═══ Data for the task
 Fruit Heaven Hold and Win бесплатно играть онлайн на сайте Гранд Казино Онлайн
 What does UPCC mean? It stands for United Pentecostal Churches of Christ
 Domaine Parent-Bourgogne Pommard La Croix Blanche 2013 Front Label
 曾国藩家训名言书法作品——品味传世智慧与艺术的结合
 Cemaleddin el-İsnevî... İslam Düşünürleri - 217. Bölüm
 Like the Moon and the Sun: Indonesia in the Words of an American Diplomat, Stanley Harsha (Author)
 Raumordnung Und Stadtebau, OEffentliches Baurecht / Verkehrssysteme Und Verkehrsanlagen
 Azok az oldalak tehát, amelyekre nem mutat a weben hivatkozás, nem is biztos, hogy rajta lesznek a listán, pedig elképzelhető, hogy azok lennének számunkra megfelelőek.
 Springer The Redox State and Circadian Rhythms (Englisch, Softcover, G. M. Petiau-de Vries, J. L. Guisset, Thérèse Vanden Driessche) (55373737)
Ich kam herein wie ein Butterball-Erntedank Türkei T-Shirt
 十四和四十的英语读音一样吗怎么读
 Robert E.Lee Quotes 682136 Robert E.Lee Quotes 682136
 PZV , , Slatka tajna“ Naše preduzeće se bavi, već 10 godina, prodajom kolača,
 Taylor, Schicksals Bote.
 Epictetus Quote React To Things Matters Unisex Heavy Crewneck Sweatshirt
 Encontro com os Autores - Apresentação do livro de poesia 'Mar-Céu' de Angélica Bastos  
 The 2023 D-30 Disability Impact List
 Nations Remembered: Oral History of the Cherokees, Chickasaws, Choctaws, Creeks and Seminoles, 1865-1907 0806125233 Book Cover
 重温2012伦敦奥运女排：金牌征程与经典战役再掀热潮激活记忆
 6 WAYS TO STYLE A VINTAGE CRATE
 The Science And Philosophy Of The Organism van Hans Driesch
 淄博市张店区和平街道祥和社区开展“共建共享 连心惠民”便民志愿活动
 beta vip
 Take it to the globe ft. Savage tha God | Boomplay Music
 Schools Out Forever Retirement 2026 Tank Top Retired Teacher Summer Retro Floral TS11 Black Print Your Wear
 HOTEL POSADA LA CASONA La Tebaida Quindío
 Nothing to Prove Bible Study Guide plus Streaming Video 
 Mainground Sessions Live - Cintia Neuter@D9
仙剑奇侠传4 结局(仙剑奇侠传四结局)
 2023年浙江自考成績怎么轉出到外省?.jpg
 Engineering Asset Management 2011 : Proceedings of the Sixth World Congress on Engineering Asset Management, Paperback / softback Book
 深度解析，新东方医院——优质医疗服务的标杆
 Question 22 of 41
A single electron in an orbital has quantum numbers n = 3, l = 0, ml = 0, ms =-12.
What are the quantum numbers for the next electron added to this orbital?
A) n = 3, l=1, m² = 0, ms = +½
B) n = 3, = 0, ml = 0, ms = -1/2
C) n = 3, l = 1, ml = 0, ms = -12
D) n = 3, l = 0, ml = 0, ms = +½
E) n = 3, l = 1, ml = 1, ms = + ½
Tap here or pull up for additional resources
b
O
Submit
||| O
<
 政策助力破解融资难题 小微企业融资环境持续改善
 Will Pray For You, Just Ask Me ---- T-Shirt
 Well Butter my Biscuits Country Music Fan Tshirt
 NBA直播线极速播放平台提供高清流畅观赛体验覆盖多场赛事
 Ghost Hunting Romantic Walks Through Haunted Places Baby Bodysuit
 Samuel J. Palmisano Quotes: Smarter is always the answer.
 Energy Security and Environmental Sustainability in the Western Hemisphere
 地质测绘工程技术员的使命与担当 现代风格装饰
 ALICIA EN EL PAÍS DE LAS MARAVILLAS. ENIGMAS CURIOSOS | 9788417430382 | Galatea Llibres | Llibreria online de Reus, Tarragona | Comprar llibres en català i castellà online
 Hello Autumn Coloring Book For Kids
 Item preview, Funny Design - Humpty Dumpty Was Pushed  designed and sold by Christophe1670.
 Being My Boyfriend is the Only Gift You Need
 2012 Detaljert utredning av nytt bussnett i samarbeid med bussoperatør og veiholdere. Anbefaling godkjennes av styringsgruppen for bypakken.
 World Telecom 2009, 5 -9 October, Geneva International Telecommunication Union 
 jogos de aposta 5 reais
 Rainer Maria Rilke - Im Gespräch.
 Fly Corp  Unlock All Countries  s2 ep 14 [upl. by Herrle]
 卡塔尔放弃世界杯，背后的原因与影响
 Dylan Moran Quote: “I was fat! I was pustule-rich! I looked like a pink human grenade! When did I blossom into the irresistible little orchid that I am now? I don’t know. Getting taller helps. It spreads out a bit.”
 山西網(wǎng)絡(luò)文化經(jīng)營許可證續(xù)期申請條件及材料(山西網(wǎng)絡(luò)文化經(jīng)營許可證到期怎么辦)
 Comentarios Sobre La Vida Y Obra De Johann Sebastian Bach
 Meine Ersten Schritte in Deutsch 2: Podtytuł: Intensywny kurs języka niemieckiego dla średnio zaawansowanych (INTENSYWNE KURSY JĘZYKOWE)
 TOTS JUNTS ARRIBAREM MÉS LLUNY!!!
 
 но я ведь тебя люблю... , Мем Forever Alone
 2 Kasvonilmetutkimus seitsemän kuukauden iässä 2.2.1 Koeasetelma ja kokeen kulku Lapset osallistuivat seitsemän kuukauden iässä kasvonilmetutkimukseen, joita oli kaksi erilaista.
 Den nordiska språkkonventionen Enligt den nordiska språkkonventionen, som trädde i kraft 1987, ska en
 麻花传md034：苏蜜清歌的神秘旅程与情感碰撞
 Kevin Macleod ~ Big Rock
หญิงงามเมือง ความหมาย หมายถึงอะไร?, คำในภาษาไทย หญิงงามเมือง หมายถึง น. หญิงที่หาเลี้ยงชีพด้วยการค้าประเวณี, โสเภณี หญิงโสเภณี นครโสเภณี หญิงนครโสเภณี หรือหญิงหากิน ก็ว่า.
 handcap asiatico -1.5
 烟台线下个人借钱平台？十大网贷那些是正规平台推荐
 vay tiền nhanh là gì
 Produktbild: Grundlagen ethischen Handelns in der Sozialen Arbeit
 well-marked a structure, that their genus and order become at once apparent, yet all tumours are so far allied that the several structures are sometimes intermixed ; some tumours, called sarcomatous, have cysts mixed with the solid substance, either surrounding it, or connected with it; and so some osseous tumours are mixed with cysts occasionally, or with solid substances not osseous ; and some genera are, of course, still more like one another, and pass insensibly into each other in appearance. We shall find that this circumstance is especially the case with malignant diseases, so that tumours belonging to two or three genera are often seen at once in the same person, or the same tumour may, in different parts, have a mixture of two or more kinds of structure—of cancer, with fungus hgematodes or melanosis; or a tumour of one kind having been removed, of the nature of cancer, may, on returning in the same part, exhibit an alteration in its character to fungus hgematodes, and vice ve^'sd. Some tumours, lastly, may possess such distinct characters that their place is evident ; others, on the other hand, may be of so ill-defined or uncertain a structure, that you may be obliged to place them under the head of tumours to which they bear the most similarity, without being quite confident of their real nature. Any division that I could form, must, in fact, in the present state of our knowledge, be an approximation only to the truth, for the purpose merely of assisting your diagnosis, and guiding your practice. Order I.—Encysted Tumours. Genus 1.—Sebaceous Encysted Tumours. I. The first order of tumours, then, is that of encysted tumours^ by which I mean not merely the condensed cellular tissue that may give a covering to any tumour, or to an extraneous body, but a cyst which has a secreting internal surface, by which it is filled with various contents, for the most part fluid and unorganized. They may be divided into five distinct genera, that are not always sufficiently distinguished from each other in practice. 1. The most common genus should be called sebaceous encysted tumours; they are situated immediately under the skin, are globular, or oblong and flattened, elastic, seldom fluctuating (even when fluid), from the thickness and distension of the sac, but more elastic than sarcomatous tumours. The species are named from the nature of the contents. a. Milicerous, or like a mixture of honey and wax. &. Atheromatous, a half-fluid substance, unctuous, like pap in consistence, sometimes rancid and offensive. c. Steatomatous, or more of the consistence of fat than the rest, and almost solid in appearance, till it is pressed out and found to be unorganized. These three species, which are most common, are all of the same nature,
══════
* Instructions to follow
Output the lines of the records above exactly as they appear, from the line containing "Springer The Redox" through the line containing "Energy Security and".

* Final answer
 Springer The Redox State and Circadian Rhythms (Englisch, Softcover, G. M. Petiau-de Vries, J. L. Guisset, Thérèse Vanden Driessche) (55373737)
Ich kam herein wie ein Butterball-Erntedank Türkei T-Shirt
 十四和四十的英语读音一样吗怎么读
 Robert E.Lee Quotes 682136 Robert E.Lee Quotes 682136
 PZV , , Slatka tajna“ Naše preduzeće se bavi, već 10 godina, prodajom kolača,
 Taylor, Schicksals Bote.
 Epictetus Quote React To Things Matters Unisex Heavy Crewneck Sweatshirt
 Encontro com os Autores - Apresentação do livro de poesia 'Mar-Céu' de Angélica Bastos  
 The 2023 D-30 Disability Impact List
 Nations Remembered: Oral History of the Cherokees, Chickasaws, Choctaws, Creeks and Seminoles, 1865-1907 0806125233 Book Cover
 重温2012伦敦奥运女排：金牌征程与经典战役再掀热潮激活记忆
 6 WAYS TO STYLE A VINTAGE CRATE
 The Science And Philosophy Of The Organism van Hans Driesch
 淄博市张店区和平街道祥和社区开展“共建共享 连心惠民”便民志愿活动
 beta vip
 Take it to the globe ft. Savage tha God | Boomplay Music
 Schools Out Forever Retirement 2026 Tank Top Retired Teacher Summer Retro Floral TS11 Black Print Your Wear
 HOTEL POSADA LA CASONA La Tebaida Quindío
 Nothing to Prove Bible Study Guide plus Streaming Video 
 Mainground Sessions Live - Cintia Neuter@D9
仙剑奇侠传4 结局(仙剑奇侠传四结局)
 2023年浙江自考成績怎么轉出到外省?.jpg
 Engineering Asset Management 2011 : Proceedings of the Sixth World Congress on Engineering Asset Management, Paperback / softback Book
 深度解析，新东方医院——优质医疗服务的标杆
 Question 22 of 41
A single electron in an orbital has quantum numbers n = 3, l = 0, ml = 0, ms =-12.
What are the quantum numbers for the next electron added to this orbital?
A) n = 3, l=1, m² = 0, ms = +½
B) n = 3, = 0, ml = 0, ms = -1/2
C) n = 3, l = 1, ml = 0, ms = -12
D) n = 3, l = 0, ml = 0, ms = +½
E) n = 3, l = 1, ml = 1, ms = + ½
Tap here or pull up for additional resources
b
O
Submit
||| O
<
 政策助力破解融资难题 小微企业融资环境持续改善
 Will Pray For You, Just Ask Me ---- T-Shirt
 Well Butter my Biscuits Country Music Fan Tshirt
 NBA直播线极速播放平台提供高清流畅观赛体验覆盖多场赛事
 Ghost Hunting Romantic Walks Through Haunted Places Baby Bodysuit
 Samuel J. Palmisano Quotes: Smarter is always the answer.
 Energy Security and Environmental Sustainability in the Western Hemisphere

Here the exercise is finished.